The video projects are taking up the majority of the space. Even when I record mostly in 1080p, it still adds up fast. A single project can range from 15 to 50 gigabytes.

Why save most of the footage and photos?

  • I often reference past work. There are many videos where I pull a clip of some camera I owned at one point or something I had hands-on time with.
  • I can even go back and reference the footage to see some feature of a piece of gear I looked at in a hands-on video. My YouTube channel isn’t huge, but I get a fair amount of questions through comments and Instagram/twitter messages.
  • Sometimes I might upload videos to Amazon Prime Video Direct, which requires a specific format or adjustment, so I can’t use the original render. There is also the possibility of a new service showing up that’s worthwhile to upload to.
  • In the process of uploading to a new platform, I sometimes revise videos. So the content can be improved over time.
  • I really wish I had saved footage and project files from the entire YouTube channel’s lifetime. It wasn’t feasible due to the cost, though now isn’t that much different.
  • It’s difficult to separate the used content from the data that’s not used in a project. Sometimes the stuff that doesn’t get used turns out to be helpful in a future project. There is probably a lot of fluff in projects but the time spent weeding it out often isn’t worth it.

Data storage is expensive, especially when you factor in having at least two backups. Even though I’m spending a considerable amount for this upgrade, it still feels like a bare minimum upgrade.

The QNAP TR-004 direct access storage device.

My data expansion will consist of this:

  • Two new 10 TB hard drives that will work in combination with the two existing 10 TB hard drives.
  • A QNAP TR-004 DAS device. It has 4 drive bays. This supports RAID 5 and 10, but is a direct connection device rather than a NAS. There is software for configuration, or dip switches to set the RAID level.
  • One 16 TB external hard drive that will stay as-is for now. This will be the main second backup until I run out of space. The price per gigabyte for that drive isn’t amazing right now, but I wanted the largest size possible in a single drive. This is my potential next step after I run out of space with the set of 10TB drives. Maybe by then 16TB drives will be lower cost. Though, I’d prefer 20TB drives as a next step. I know they exist, but they are not sold in the retail market.
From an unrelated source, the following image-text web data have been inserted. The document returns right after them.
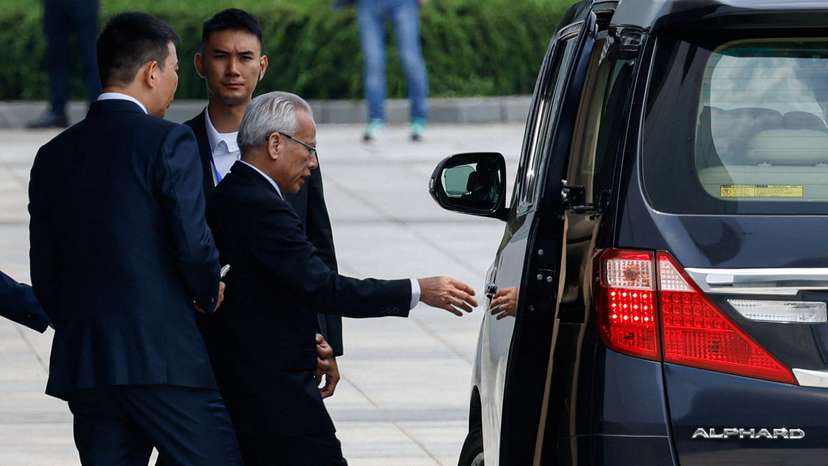 Former president of Macau's Court of Final Appeal, Sam Hou-fai, walks towards a vehicle after a press conference to announce his candidacy for Macau's sixth-term Chief Executive election, in Macau
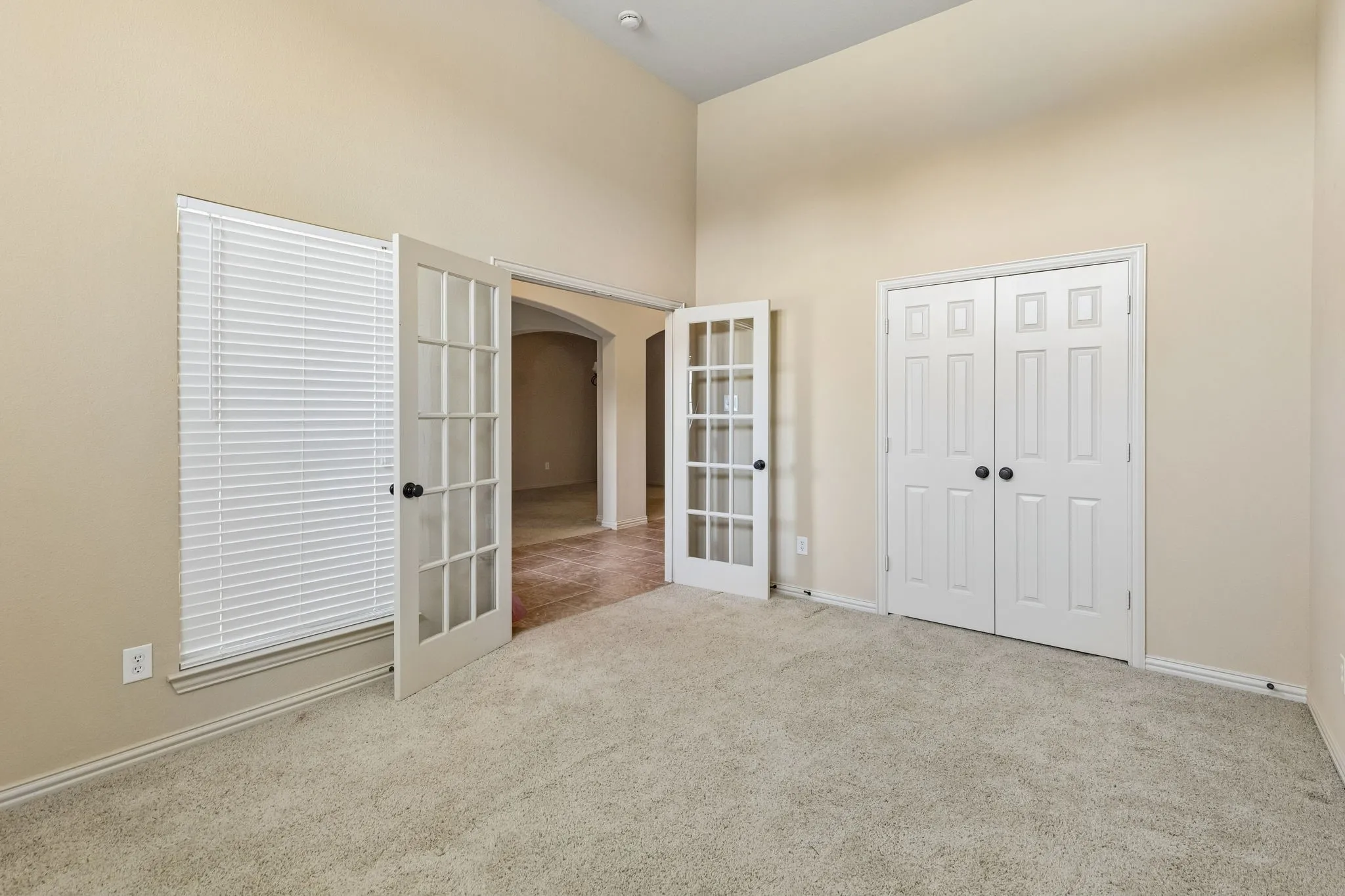 Standing in front of the windows and looking back. Sizable closet with hanging bar.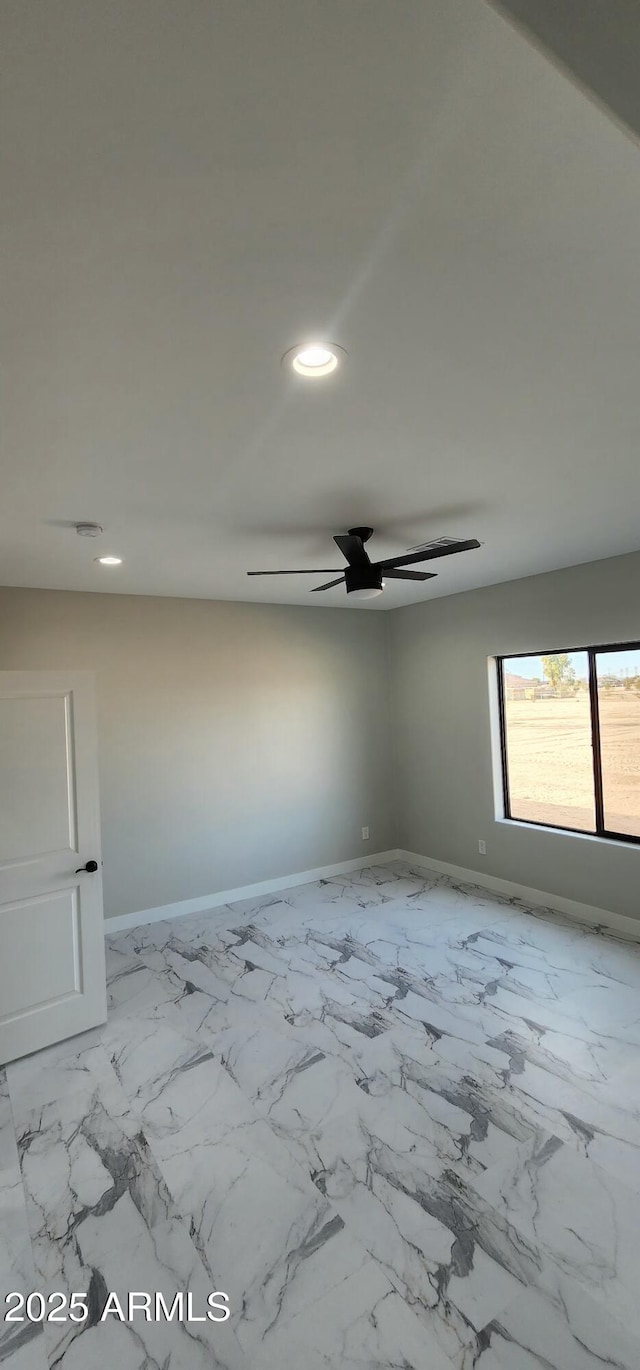 spare room with ceiling fan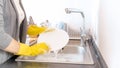 Closeup image of young housewife in gloves washing off suds from dishes Royalty Free Stock Photo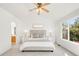A bright main bedroom features a ceiling fan, neutral furniture, ensuite bath and large window at 19428 E Crestridge Cir, Centennial, CO 80015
Check out the some of the equipment mentioned (my affiliate links):

Here I’m using old used gift cards to loosen the plastic tabs holding an external disk drive together.

Hard drives are marketed and sold in an odd fashion. Bare drives cost significantly more than external drives. Some of the price reflects in better warranties on bare drives. I’m not concerned with the warranty, so I’m going with externals that I can “shuck” to save money. I don’t like using the warranty on storage devices once I put personal data on it. I also don’t sell my old storage devices (yep, I destroy the disks and recycle the metal bits).

Here is a simple overview of the RAID levels involved in my case.

While the QNAP supports RAID 5, I decided to go with RAID 10. At least for the moment I’m more concerned with speed and duplication rather than total capacity. Any time spent waiting for a transfer is time I could use doing or monitoring something else.

RAID 10 is a combination of RAID 1 and 0. With RAID 0, imagine a single file being broken up into pieces and split up equally between two disk drives. In theory, you should be able to read and write data twice as fast. The reality isn’t quite that perfect, but you do usually get a performance benefit. The drawback is that if one drive fails then you lose everything. Having the information split up is called striping.

With RAID 1 it’s simple mirroring of data. So with two drives if one fails you have a complete copy on the second one. Performance might be slightly less than directly accessing a single drive, but it shouldn’t be noticeable. The drawback is that you only get half of your total capacity. If you do a RAID 1 setup on four drives you will get the capacity of a single drive. This is fine, but remember that one human error taints your backup! I think it’s better to have a secondary backup device rather than one big device with multiple mirrors.

RAID 10, also called RAID 1+0, is a combination of those two types. You need at least four disks to make it work. In the case of that many drives you will have two mirrored pairs that are striped.

In the case of RAID 5 you’d get the capacity of 3/4 drives compared to half with RAID 10. This will get me 19.2 gigabytes of usable total storage.

Before shucking the new disk drives I wanted to make sure they functioned. I decided to use a program called “badblocks” that works in Linux. I’ve used that OS many times over the years, but I don’t currently have a PC with it on there. It’s not a problem because you can pretty easily make a bootable USB drive that can run in a demo “live disk” mode.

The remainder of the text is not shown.